**Problem requirements**
Of the entries below, return exactly those lines that fall between the one containing "Today on Blog" and the one containing "Nearly there. Murphy", the two end lines included.

**Input**
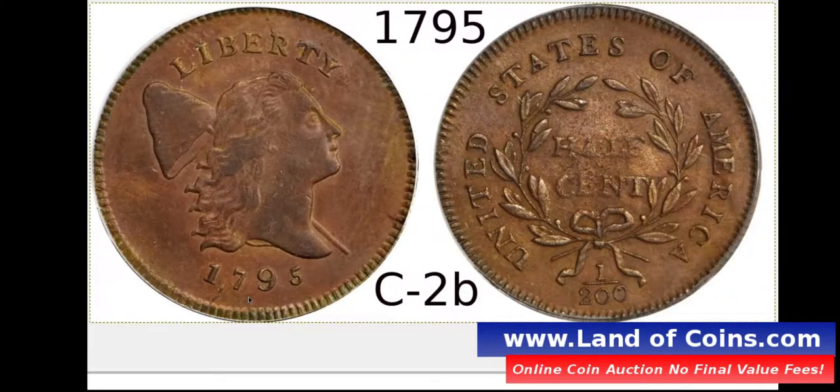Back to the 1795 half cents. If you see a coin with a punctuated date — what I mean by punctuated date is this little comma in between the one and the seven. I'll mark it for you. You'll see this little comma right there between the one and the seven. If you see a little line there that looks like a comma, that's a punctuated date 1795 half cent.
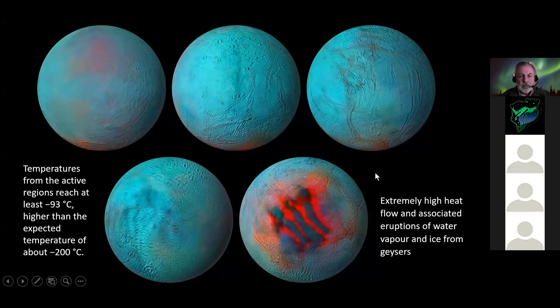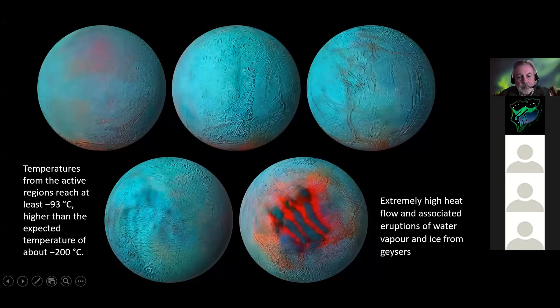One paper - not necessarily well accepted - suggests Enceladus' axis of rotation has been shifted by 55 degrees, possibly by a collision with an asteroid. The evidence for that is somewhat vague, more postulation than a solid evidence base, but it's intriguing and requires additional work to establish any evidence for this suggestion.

==

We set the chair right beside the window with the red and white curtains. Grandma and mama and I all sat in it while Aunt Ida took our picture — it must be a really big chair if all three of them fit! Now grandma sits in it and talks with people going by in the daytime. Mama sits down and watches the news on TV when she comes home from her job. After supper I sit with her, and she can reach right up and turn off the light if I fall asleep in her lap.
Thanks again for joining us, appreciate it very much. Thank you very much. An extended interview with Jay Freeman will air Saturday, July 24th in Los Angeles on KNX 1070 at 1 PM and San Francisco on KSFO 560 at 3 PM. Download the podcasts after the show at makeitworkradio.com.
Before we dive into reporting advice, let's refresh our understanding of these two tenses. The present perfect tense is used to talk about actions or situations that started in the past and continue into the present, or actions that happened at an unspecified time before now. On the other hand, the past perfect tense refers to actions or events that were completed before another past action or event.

--

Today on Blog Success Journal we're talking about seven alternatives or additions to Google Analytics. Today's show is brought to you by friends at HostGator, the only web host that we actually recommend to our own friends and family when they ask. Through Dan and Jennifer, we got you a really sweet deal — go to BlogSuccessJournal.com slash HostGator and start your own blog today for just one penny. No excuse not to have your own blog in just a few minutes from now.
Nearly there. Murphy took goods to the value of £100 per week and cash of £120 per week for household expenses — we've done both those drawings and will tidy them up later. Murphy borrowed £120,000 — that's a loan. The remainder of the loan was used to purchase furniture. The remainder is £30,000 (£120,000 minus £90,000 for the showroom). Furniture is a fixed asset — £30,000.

**Output of the task**
Today on Blog Success Journal we're talking about seven alternatives or additions to Google Analytics. Today's show is brought to you by friends at HostGator, the only web host that we actually recommend to our own friends and family when they ask. Through Dan and Jennifer, we got you a really sweet deal — go to BlogSuccessJournal.com slash HostGator and start your own blog today for just one penny. No excuse not to have your own blog in just a few minutes from now.
Nearly there. Murphy took goods to the value of £100 per week and cash of £120 per week for household expenses — we've done both those drawings and will tidy them up later. Murphy borrowed £120,000 — that's a loan. The remainder of the loan was used to purchase furniture. The remainder is £30,000 (£120,000 minus £90,000 for the showroom). Furniture is a fixed asset — £30,000.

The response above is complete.